This week has been very challenging, to say the least. I think that's partly why I haven't blogged very much. I really do think of this blog as sort of a living scrapbook where I record what's going on in our lives and my feelings about things, so I try to make it as real as possible. Which, let's face it, includes some negative things. But, there's a very fine line between being accurate and being depressing, and I think I'm to the point where everything that's going on is just depressing.
You all know from my last post that I miss my mom. Sunday was the 4-year anniversary of her passing. We've had a lot of instances of death here at work this week (it sort of comes and goes, it seems), and two good friends from work are dealing with the illness and impending loss of close loved ones. When it rains, it pours, I guess.
So, rather than dwell on all of that sadness as I have been all week, I'm going to try to focus on the blessings in life and things I've learned since dealing with my mom's death 4 years ago as a 24-year old (barely 24 at that).
Tell people you love them! I say that all the time, because it's so important to me. You truly never know when the last time is that you'll get the opportunity to say, "I love you." So do it now. Trust me, I know how easy it is to think "Oh, that'll never happen to me. Everyone I know is young/healthy/knows I love them." I thought that way too for a long time. Get over those thoughts - take the opportunity NOW.
Talk about your wishes for the future, both in times of health and in times of illness. Talk about your dreams and your goals with your loved ones...things you want to do, things you want to see, to say, things you love. Also talk about what you want for your care should something happen...it's extremely important to let others know what you want both in life and in death.
Do something about it! Don't wait til tomorrow to make something happen that you want. I'm the first person to say (even now) that I don't have time...I have too many commitments...everyone else's needs should come first...I can't get away from work. Bull. Even I know it's crap. Make time to enjoy life now.
Remember. One of the things I'm most looking forward to with kids is telling them about their grandma and about their great grandpa (my grandpa), and having Mike tell them about their great grandpa (his grandpa). We both have such great admiration for our grandparents and my mom and wish our kids could have known them. But, God had other plans for them, so we'll tell their story instead. It wouldn't do anyone any good to push that memory aside and not talk about them just because it hurts.

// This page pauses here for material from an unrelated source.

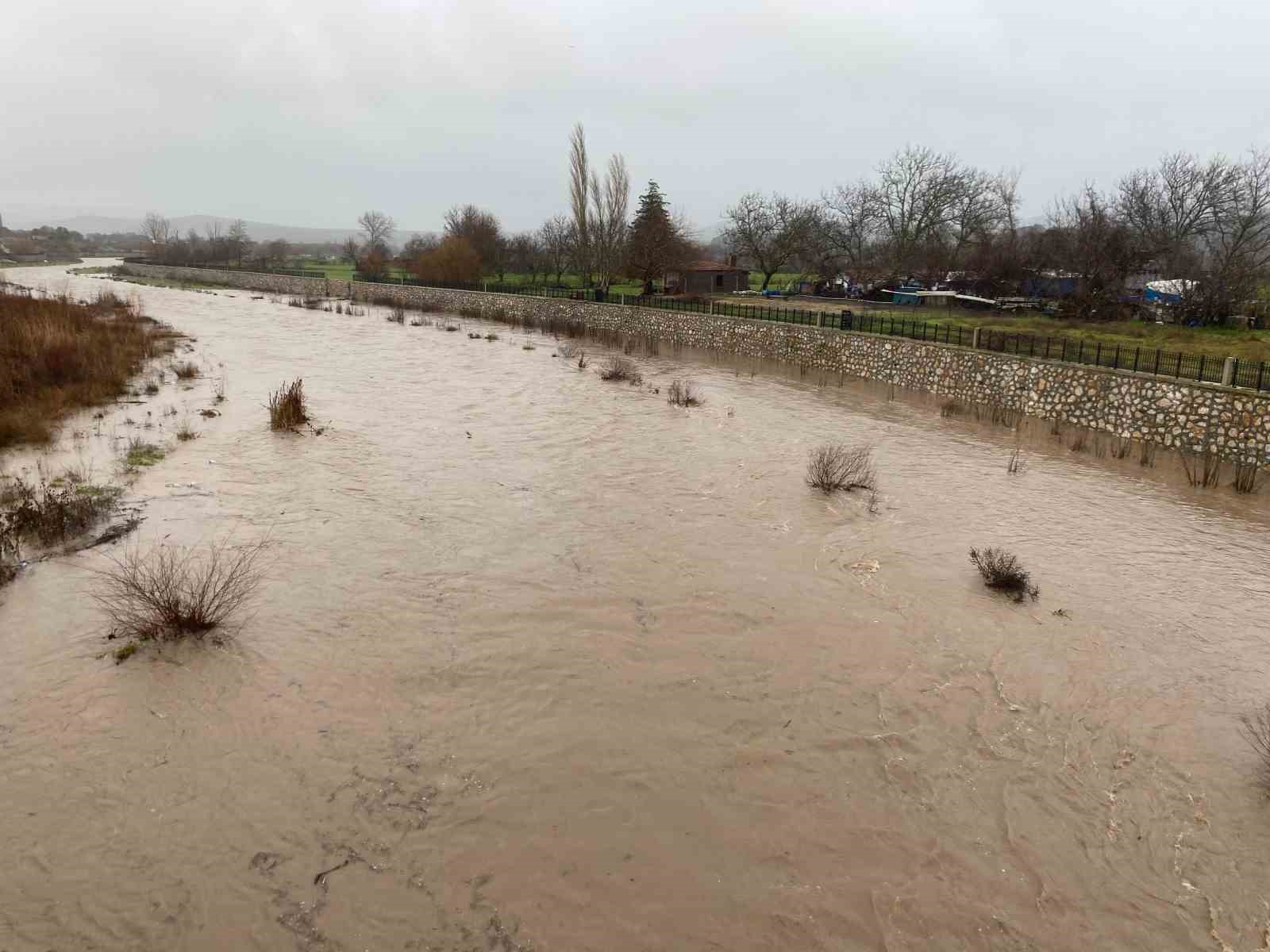 Ayvacık’ta sağanak yağış tarım arazilerini sular altında bıraktı
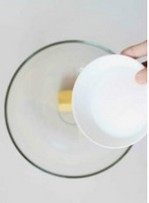 2、意式坚果脆饼,软化黄油中加入细砂糖搅打均匀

I don't have all the answers. It would be nice if I did, but that won't happen. I just know how I've learned to deal with things because I've been forced to.
I got a text from my brother the other day. He's not the most emotional guy in the world, and doesn't remember dates or events. He's a typical 25 year old guy :) Anyway, the text he sent me said, "Hard to believe it's been 4 years, huh?" 8 words. And he completely summed up what I was feeling. It's good to know I'm not alone in this.